Une urgence ? Certainement pas. Cassandre est une coéquipière au sein de l’équipe de France et une concurrente comme une autre au départ des courses. Forcément, j’ai envie de gagner. Cela passe par devancer Cassandre. Je pense que l’on a tout à y gagner à être plusieurs Françaises au niveau international. C’est stimulant. Cela peut vraiment être bénéfique pour le triathlon français. Il faut juste savoir en faire bon usage. Cassandre est plus jeune, je suis plus récente dans le triathlon. On a chacune nos qualités et nos défauts, des parcours et des profils très différents. Avant de se comparer, il vaut mieux se concentrer sur sa propre progression. Peut être que certaines personnes aiment bien tout comparer, mais franchement je ne vois pas l’intérêt…

Dans quelques semaines, tu feras tes débuts en série mondiale. Dans quel état d’esprit es-tu?
J’ai hâte.
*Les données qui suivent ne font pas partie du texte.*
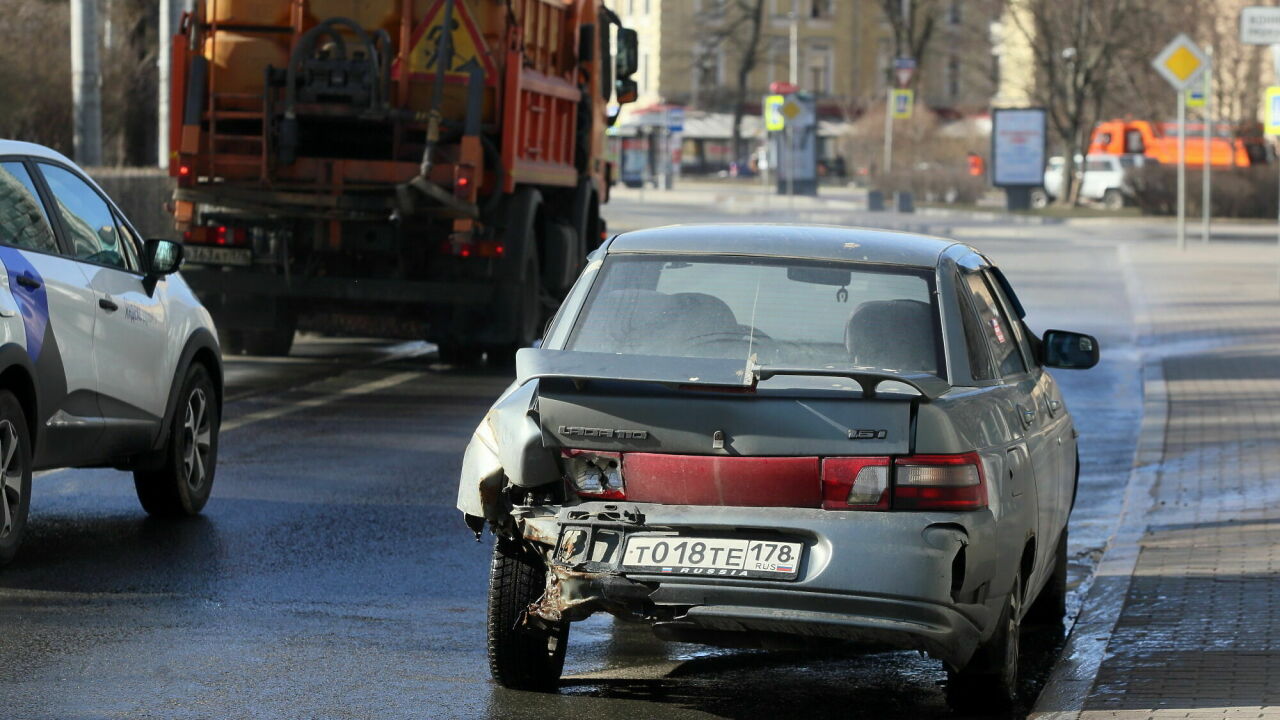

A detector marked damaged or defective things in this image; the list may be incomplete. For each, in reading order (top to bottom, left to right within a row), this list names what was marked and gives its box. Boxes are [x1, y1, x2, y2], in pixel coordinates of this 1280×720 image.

Je suis pressée de découvrir la WTS.  C’est le meilleur moyen de prendre conscience du niveau requis pour être performante au sein de l’Élite mondiale. C’est une chance de prendre le départ à Abu Dhabi, une expérience qu’il faut vivre à 100 %.

Appréhendes-tu les spécificités de la série mondiale? J’imagine que tu entends souvent parler de ses exigences particulières…
J’ai beaucoup observé ce qui se passait sur ce type de courses, j’ai également écouté attentivement les personnes qui ont pris part à différentes WTS. Effectivement, c’est un circuit exigeant qui ne laisse pas place aux petites erreurs … C’est en ça qu’il est passionnant.

La commande sera importante puisque dès ta première saison, tu devras être régulière en WTS afin d’aller chercher un dossard aux Jos et tenter de gagner ta sélection à Rio ou a Chicago. La demande semble très chargée et assez compliquée dans la planification.
Je vais prendre la saison course après course afin d’optimiser chacune d’entre elles. Beaucoup de premières, c’est vrai, mais il faut bien débuter un jour. Cette saison est pleine d’incertitudes en fin de compte. Mais elle peut être réellement merveilleuse aussi. L’entraînement paie donc je vais prendre le départ sans complexe. J’admire un grand nombre de filles qui prennent le départ de ces courses. Mais aujourd’hui, c’est à mon tour de montrer que j’ai ma place parmi elles. Après tout, on verra bien !

Une rumeur dit que ta soeur voudrait aussi se mettre au triathlon…
Ma soeur est en train de tomber dedans effectivement … et c’est plutôt addictif comme sport … Elle a de très belles qualités. C’est elle qui choisira sa voie en temps et en heure, mais je suis certaine que si elle tente l’aventure, elle aura aussi l’occasion de vivre de très belles choses.

Audrey Merle fera sa rentrée en compétition à la première série mondiale de l’année – Abu Dhabi.